| Instructions for the task |
Would you print every entry below exactly as written, omitting the images?

:: Supplied entries ::

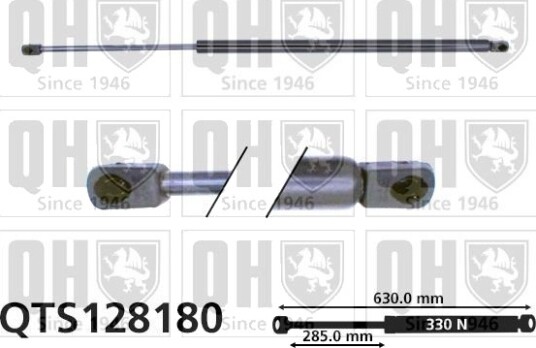 QUINTON HAZELL QTS128180 Baklukedemper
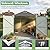 Patiowell 12x20 FT Outdoor Storage Shed, Large Metal Garden Shed with Lockable Doors & Windows, Waterproof Reinforced Tool Shed with Side Door & Air Vents for Cars Trucks Boats, Black
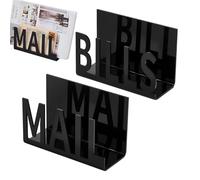 Générique Acrylic Mail Organizer, 2 pezzi Modern Desktop Letter Sorter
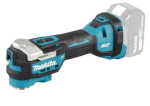 A teal and black Makita cordless power tool, 18V, with an ergonomic grip, designed for use on construction and maintenance tasks.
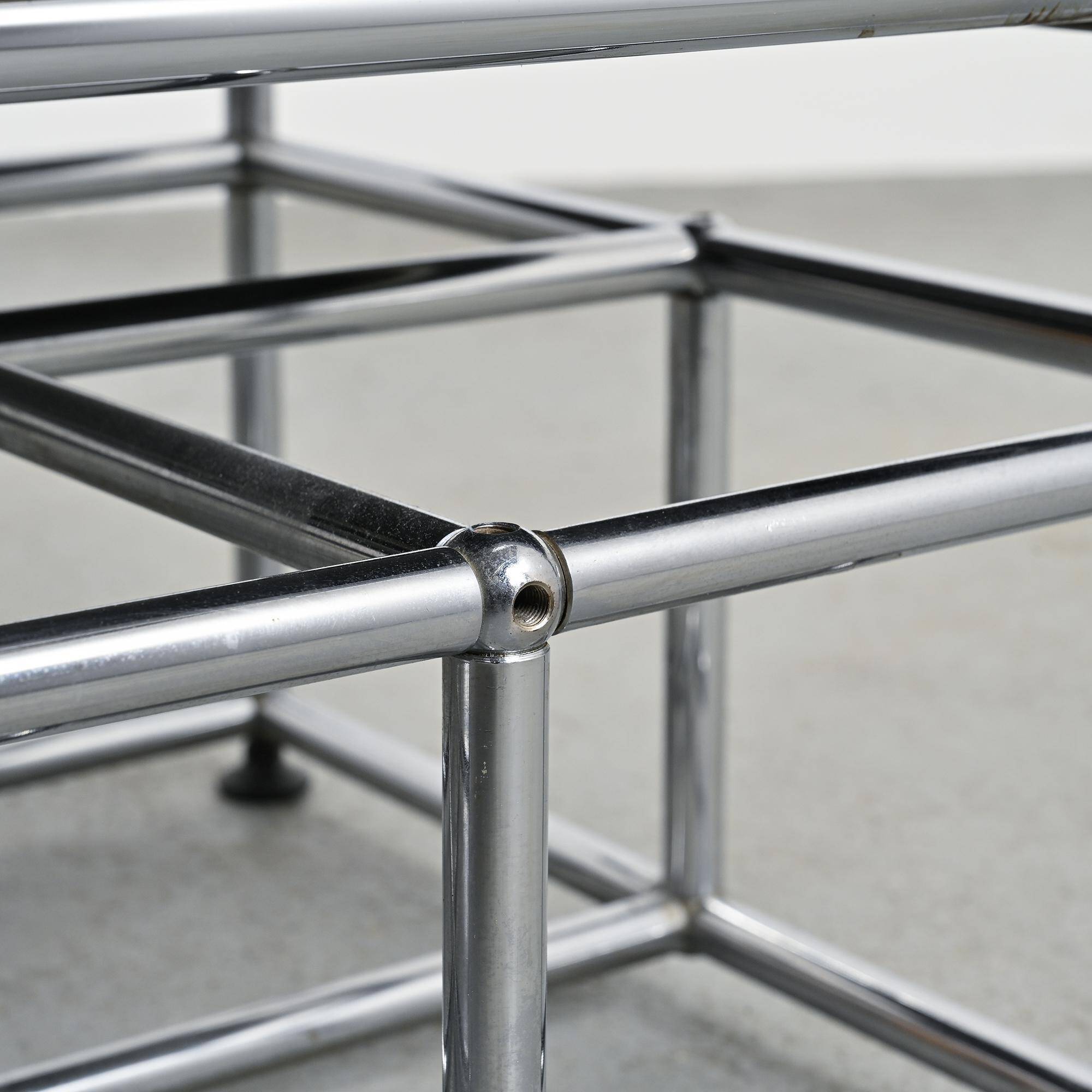 USM Haller coffee table, Switzerland, around 1970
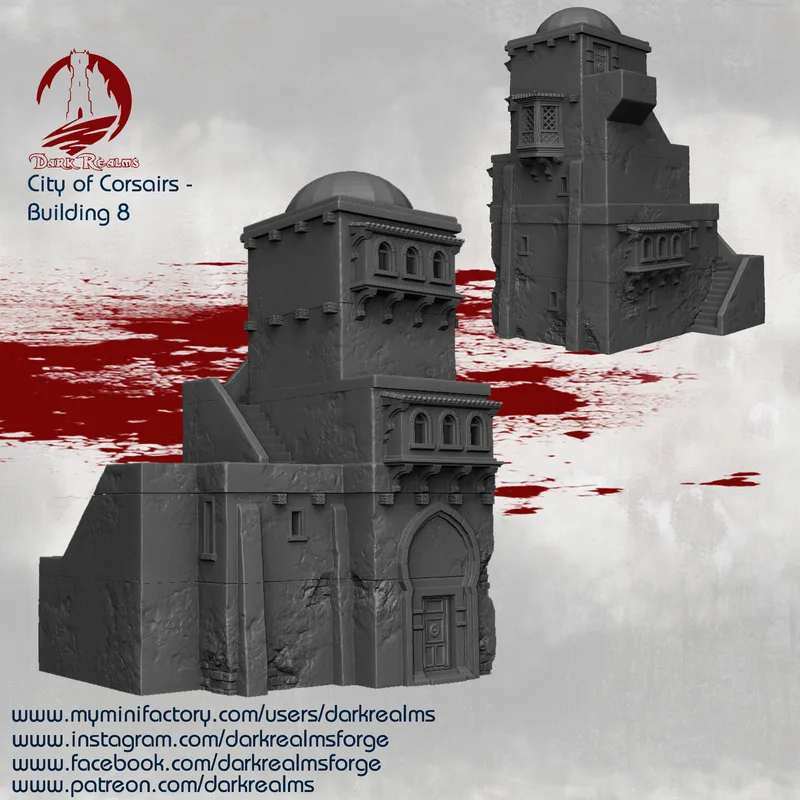 City of Corsairs Building 8 10mm
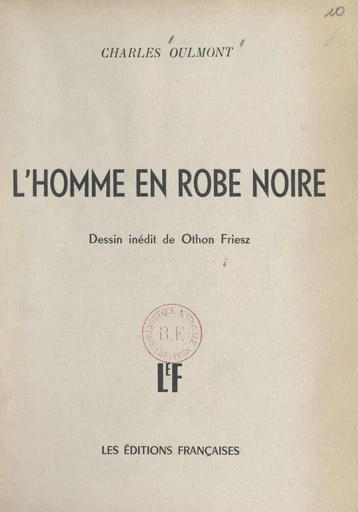 L'homme en robe noire - Charles Oulmont - FeniXX réédition numérique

:::

| Reply to the task |
 QUINTON HAZELL QTS128180 Baklukedemper
 Patiowell 12x20 FT Outdoor Storage Shed, Large Metal Garden Shed with Lockable Doors & Windows, Waterproof Reinforced Tool Shed with Side Door & Air Vents for Cars Trucks Boats, Black
 Générique Acrylic Mail Organizer, 2 pezzi Modern Desktop Letter Sorter
 A teal and black Makita cordless power tool, 18V, with an ergonomic grip, designed for use on construction and maintenance tasks.
 USM Haller coffee table, Switzerland, around 1970
 City of Corsairs Building 8 10mm
 L'homme en robe noire - Charles Oulmont - FeniXX réédition numérique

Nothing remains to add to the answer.